I am testing the set of data of coefficient J. It looks like this
I want to test the normality of this set using the K-S test, but I.m not sure how the parameters should be adjusted here. I wrote
from scipy.stats import kstest
seed(1234)
# normality test
result = kstest(J_ridge.flatten(), 'norm',alternative='greater')
>> KstestResult(statistic=0.49068097451020654, pvalue=0.0)
But I don't know what alternative to use or other parameters needed in the K-S test.
Perhaps a more useful test of normality, if $\mu$ and $\sigma$ are unknown, would be the Shapiro-Wilk test.
The null hypothesis of the Kolmogorov-Smirnov test is that the population from which data are sampled has a specific normal distribution (with specified mean $\mu$ and and standard deviation $\sigma.)$ Consequently, if you used a K-S test, you would need to estimate $\mu \approx \bar X = \frac{1}{n}\sum_{i=1}^n X_i$ and $\sigma^2 \approx S^2= \frac{1}{n-1}\sum_{i=1}^n (X_i-\bar X)^2,$ but you would have to allow for that estimation in determining the P-value of the K-S test.
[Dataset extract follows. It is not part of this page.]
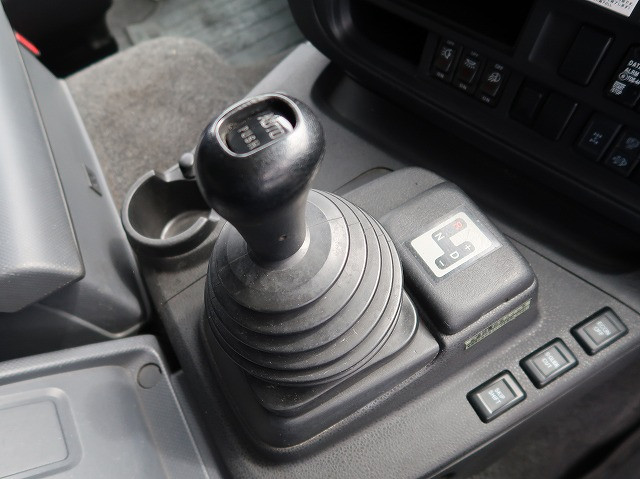 中古トラック いすゞアルミウィング ＃18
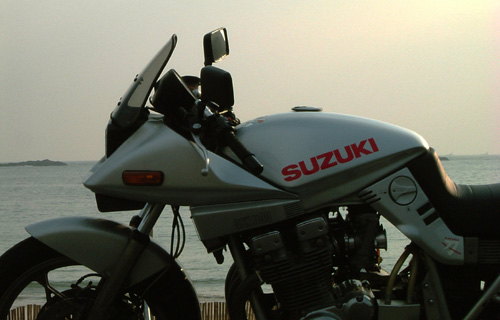 �ċx�݂̎v���o�B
By contrast, the null hypothesis of the Shapiro-Wilk test is that the population from which data are randomly sampled is some normal distribution (with unspecified parameters). Another advantage is that the S-W test has better power (is more likely to detect actual non-normality) for a given sample size.
Example in R:
Sample of size $n=500$ from $\mathsf{Norm}(\mu=100, \sigma=10):$
set.seed(831)
x = rnorm(500, 100, 10)
summary(x); length(x); sd(x)
Min. 1st Qu. Median Mean 3rd Qu. Max.
73.63 94.31 100.08 100.30 106.79 127.85
[1] 500 # sample size
[1] 9.575485 # sample standard deviation
The null hypothesis is not rejected at the 5% level; P-value 0.674. So data $X$ are 'consistent with normal'.
shapiro.test(x)
Shapiro-Wilk normality test
data: x
W = 0.99754, p-value = 0.674
Linear transformation of $X$ changes parameters, but $Y$ still passes the normality test (P-value unchanged).
y = .5*x + 2
summary(y); length(y); sd(y)
Min. 1st Qu. Median Mean 3rd Qu. Max.
38.81 49.16 52.04 52.15 55.39 65.93
[1] 500
[1] 4.787742
shapiro.test(y)$p.val
[1] 0.6739557
Nonlinear transformation, destroys normality. S-W test rejects normality for $W$ (P-value below 5%).
summary(w); length(w); sd(w)
Min. 1st Qu. Median Mean 3rd Qu. Max.
5421 8895 10016 10151 11404 16347
[1] 500
[1] 1935.915
shapiro.test(w)$p.value
[1] 0.001056042
Graphical displays:
The histogram of $W$ is right-skewed, not normal.
The normal quantile plot of $W$ (right panel) is distinctly nonlinear.